§ Problem to solve
If a line in the records below contains the word "sale", copy it.

§ Source data

------

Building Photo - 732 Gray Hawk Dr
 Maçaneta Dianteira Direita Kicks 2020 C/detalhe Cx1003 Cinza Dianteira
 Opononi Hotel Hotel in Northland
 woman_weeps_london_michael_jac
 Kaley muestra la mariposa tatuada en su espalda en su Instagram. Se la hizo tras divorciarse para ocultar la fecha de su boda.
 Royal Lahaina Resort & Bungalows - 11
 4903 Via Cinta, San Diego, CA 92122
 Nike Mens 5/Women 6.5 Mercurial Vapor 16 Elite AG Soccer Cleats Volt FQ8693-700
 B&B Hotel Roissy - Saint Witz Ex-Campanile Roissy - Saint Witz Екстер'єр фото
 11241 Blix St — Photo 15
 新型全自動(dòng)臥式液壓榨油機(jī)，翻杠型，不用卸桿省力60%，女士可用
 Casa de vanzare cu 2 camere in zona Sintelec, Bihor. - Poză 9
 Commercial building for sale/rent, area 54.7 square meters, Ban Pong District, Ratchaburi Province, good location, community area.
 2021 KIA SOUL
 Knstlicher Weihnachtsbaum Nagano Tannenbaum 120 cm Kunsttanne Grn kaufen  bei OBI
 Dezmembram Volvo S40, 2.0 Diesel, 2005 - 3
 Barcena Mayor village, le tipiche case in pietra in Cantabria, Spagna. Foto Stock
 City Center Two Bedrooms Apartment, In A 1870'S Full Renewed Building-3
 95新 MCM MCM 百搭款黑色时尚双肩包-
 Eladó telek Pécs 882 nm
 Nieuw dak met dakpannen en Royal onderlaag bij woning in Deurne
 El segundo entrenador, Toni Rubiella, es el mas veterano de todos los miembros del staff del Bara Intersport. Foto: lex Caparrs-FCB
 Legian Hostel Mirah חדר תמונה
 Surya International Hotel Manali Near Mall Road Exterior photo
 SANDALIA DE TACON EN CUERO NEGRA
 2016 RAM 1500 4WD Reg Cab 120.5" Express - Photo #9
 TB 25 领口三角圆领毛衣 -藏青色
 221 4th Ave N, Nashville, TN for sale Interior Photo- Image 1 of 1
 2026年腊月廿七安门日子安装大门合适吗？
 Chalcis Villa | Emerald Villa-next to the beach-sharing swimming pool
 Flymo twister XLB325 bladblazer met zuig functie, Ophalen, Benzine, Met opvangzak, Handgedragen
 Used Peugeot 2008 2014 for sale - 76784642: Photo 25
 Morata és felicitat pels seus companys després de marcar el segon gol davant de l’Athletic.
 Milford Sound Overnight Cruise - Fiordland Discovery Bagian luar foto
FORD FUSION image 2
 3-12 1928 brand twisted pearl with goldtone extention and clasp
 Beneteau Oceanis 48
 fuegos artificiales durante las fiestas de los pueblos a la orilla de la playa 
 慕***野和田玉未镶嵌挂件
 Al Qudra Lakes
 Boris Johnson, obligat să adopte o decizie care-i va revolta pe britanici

------

§ Answer to this task
 Commercial building for sale/rent, area 54.7 square meters, Ban Pong District, Ratchaburi Province, good location, community area.
 221 4th Ave N, Nashville, TN for sale Interior Photo- Image 1 of 1
 Used Peugeot 2008 2014 for sale - 76784642: Photo 25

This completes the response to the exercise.